“Credit Agreement” means the Credit and Guaranty Agreement, dated as of June 9, 2016 (as amended by Amendment No. 1, dated as of August 17, 2017, Amendment No. 2, dated as of February 28, 2019, Amendment No. 3, dated as of August 30, 2019, Letter Amendment, dated as of November 22, 2019, Amendment No. 4, dated as of April 16, 2020 and Amendment No. 5, dated as of March 25, 2021, and as further amended, supplemented or otherwise modified), among the Company, as the Term Loan Borrower and the Revolving Credit Borrower (each as defined therein), Dana International Luxembourg S.à r.l., as a Revolving Credit Borrower, the Designated Subsidiaries referred to therein as Revolving Credit Borrowers, the guarantors party thereto, Citibank, N.A., as administrative agent and collateral agent, and the other lenders and issuing banks from time to time party thereto, together with the documents related thereto (including, without limitation, any guarantee agreements and security documents), in each case, as amended, restated, supplemented, waived, replaced (whether or not upon termination, and whether with the original lenders or otherwise), restructured, repaid, refunded, refinanced or otherwise modified from time to time, including any agreement or indenture extending the maturity thereof, refinancing, replacing or otherwise restructuring all or any portion of the Indebtedness under such agreement or agreements or indenture or indentures or any successor or replacement agreement or agreements or indenture or indentures or increasing the amount loaned or issued thereunder or altering the maturity thereof (except to the extent any such refinancing, replacement or restructuring is designated by the Company to not be included in the definition of “Credit Agreement”).
“Credit Facilities” means one or more debt facilities (including the Credit Agreement) or commercial paper facilities providing for revolving credit loans, term loans, receivables financing (including through the sale of receivables to lenders or to special purpose entities formed to borrow from lenders against such receivables) or letters of credit, or any debt securities or other form of debt financing (including convertible or exchangeable debt instruments), in each case, as amended, supplemented, modified, extended, renewed, restated or refunded in whole or in part from time to time.

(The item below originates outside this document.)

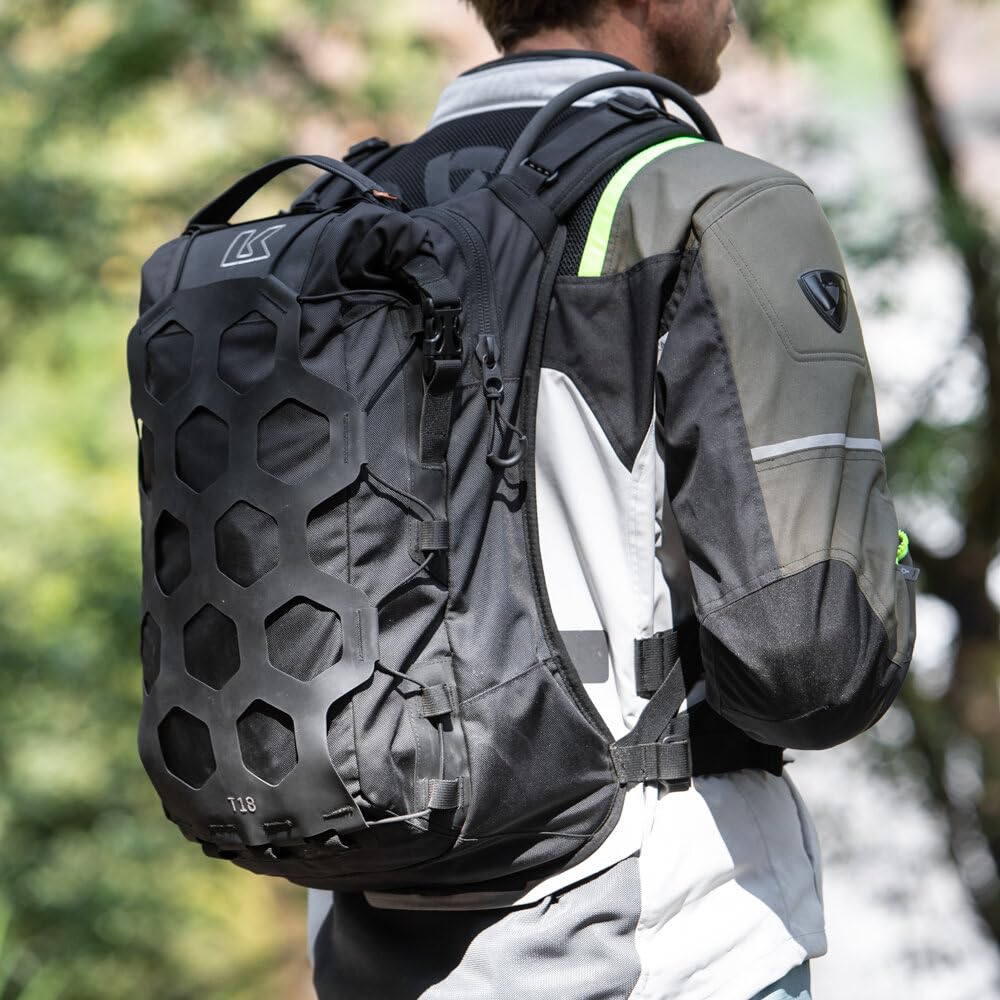Kriega Trail 18 rider wearing the backpack in use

“Currency Agreements” means any foreign exchange contract, currency swap agreement or other similar agreement or arrangement designed to protect the Company or any Restricted Subsidiary against fluctuations in currency values.
“Custodian” means any receiver, trustee, assignee, liquidator, sequestrator or similar official under any Bankruptcy Law.
“Deemed Date” shall have the meaning set forth in Section 4.03(c)(3).
“Default” means an event or condition the occurrence of which is, or with the lapse of time or the giving of notice or both would be, an Event of Default.
“Defaulted Interest” has the meaning set forth in Section 6.11.
“Definitive Registered Notes” means definitive registered Notes in certificated form.
“Designated Non-cash Consideration” means any non-cash consideration received by the Company or one of its Restricted Subsidiaries in connection with an Asset Sale that is designated as Designated Non-cash Consideration pursuant to an Officer’s Certificate executed by an Officer of the Company or such Restricted Subsidiary at the time of such Asset Sale. Any particular item of Designated Non-cash Consideration will cease to be considered to be outstanding once it has been sold for cash or Cash Equivalents (which shall be considered Net Cash Proceeds of an Asset Sale when received).